A esquerda reage com prudência às declarações de Cavaco, cada vez mais parecidas com as posições do PS – concordar no essencial e divergir no acessório - , apesar de elas causarem uma profunda incomodidade ao Governo, principalmente ao CDS.
O CDS, como se sabe, tem no Governo dois Ministros - Cristas e Mota Soares – encarregados, respectivamente, de acabar com os velhos e de manter o maior número possível de pobres em estado catatónico – no sentido etimológico do termo -, unidos no esforço conjunto de diminuir a despesa pública em áreas sociais mediaticamente pouco sensíveis e com escassa ou nenhuma capacidade reivindicativa, enquanto Portas, pavoneando-se nos Estrangeiros – onde por óbvias razões se sente como peixe na água – tenta capitalizar politicamente o descontentamento, pondo-se à margem do que se passa cá dentro e eclipsando-se da cena europeia, hoje na convergência fatal de todas as críticas de política interna.
Acontece, porém, que as declarações de Cavaco suscitaram em Portas o espectro de um “Bloco Central” apendiculado pelo CDS, receio que o fez reagir de imediato, mesmo antes do omnipresente Relvas, às declarações do Presidente.

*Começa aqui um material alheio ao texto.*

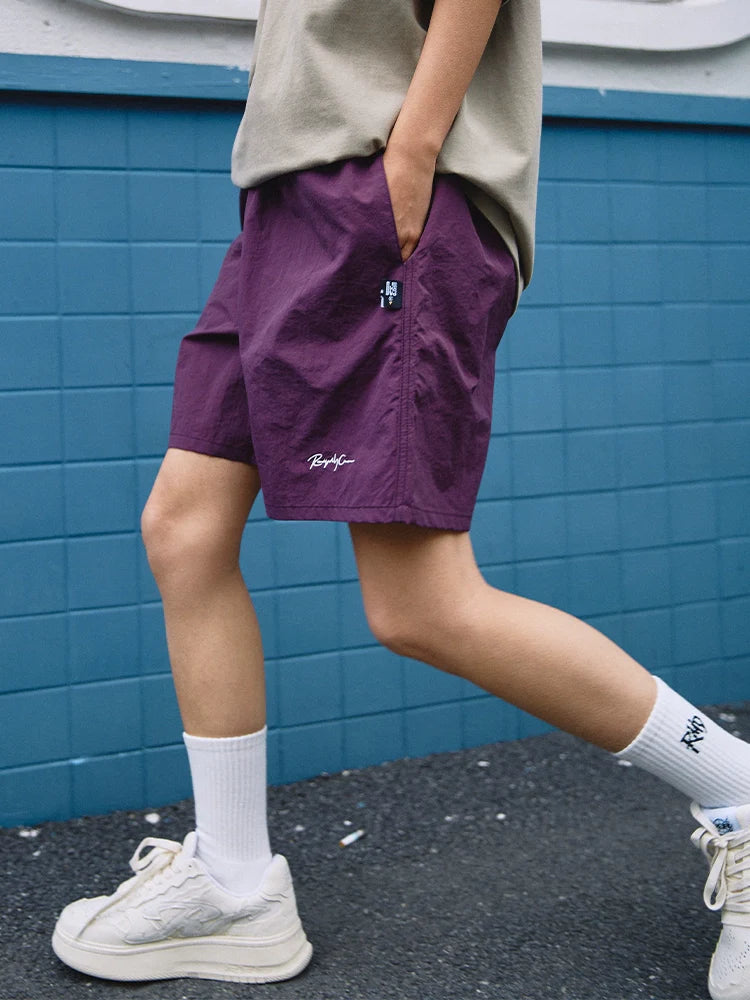 Remedy Quick Dry Nylon Sports Shorts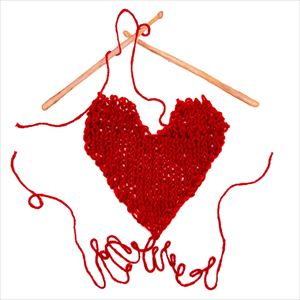 『愛を編む』ジャケット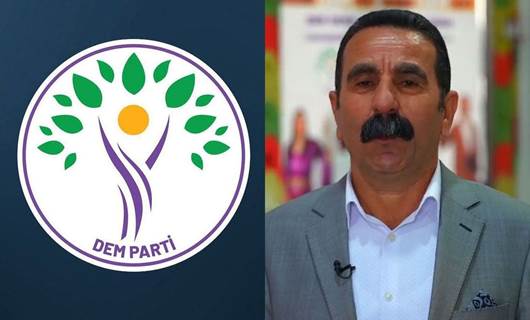 DEM Parti logosu, Hakkari Belediye Eşbaşkanı Mehmet Sıddık Akış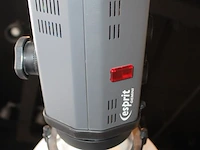 Studioflitser bowens esprit gemini gm 500 met diffuser bol aan verstelbare falcon eyes wb 1250 wall booms. - afbeelding 3 van  4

Deixemo-nos de fantasias: nada disto tem muito interesse. Embora reconhecendo que estas divergências estão um bocadinho para além das guerras de Alecrim e Manjerona, a verdade é que nem o fanatismo ideológico de Gaspar nem o pragmatismo de Relvas, ambos apoiados por um Passos Coelho ainda indecisivo, e muito menos o oportunismo de Portas, têm qualquer possibilidade de tirar Portugal do atoleiro em que se encontra. Como também não têm as alterações pouco mais que cosméticas propostas pelos derrotados e desnorteados socialistas europeus, a cuja linha Cavaco parece ter agora aderido, pelo menos no plano retórico.
Já foi dito e redito há muito tempo: a “arquitectura” político-institucional do euro leva necessariamente, por um lado, ao que aconteceu em todos os países que aderiram à moeda única em condições de profunda desigualdade competitiva – um agravamento brutal do défice de conta corrente, traduzido numa dívida pública e (principalmente) privada gigantesca – e, por outro, à formação e consolidação de um projecto hegemónico de poder consubstanciado numa perda de independência real dos países devedores - da qual não têm qualquer possibilidade de sair por maior que seja exploração do trabalho assalariado - susceptível de a breve prazo pôr em causa os próprios princípios da democracia formal, apesar de esta, mesmo em condições de relativa normalidade, já estar muito longe de corresponder à vontade popular.
Quem consolidou vantagens apreciáveis com base no desenvolvimento de um projecto politicamente desastroso e conquistou posições hegemónicas que antes estava longe de ter alcançado, não vai perdê-las à mesa das negociações. Continuar a supor, como alguns fazem questão de afirmar, que a federação política da Europa vai ou pode resultar da crise financeira e que será pela via do “governo económico” que se chegará à governação política da Europa, é uma imbecilidade tão forte que até se torna penoso criticá-la.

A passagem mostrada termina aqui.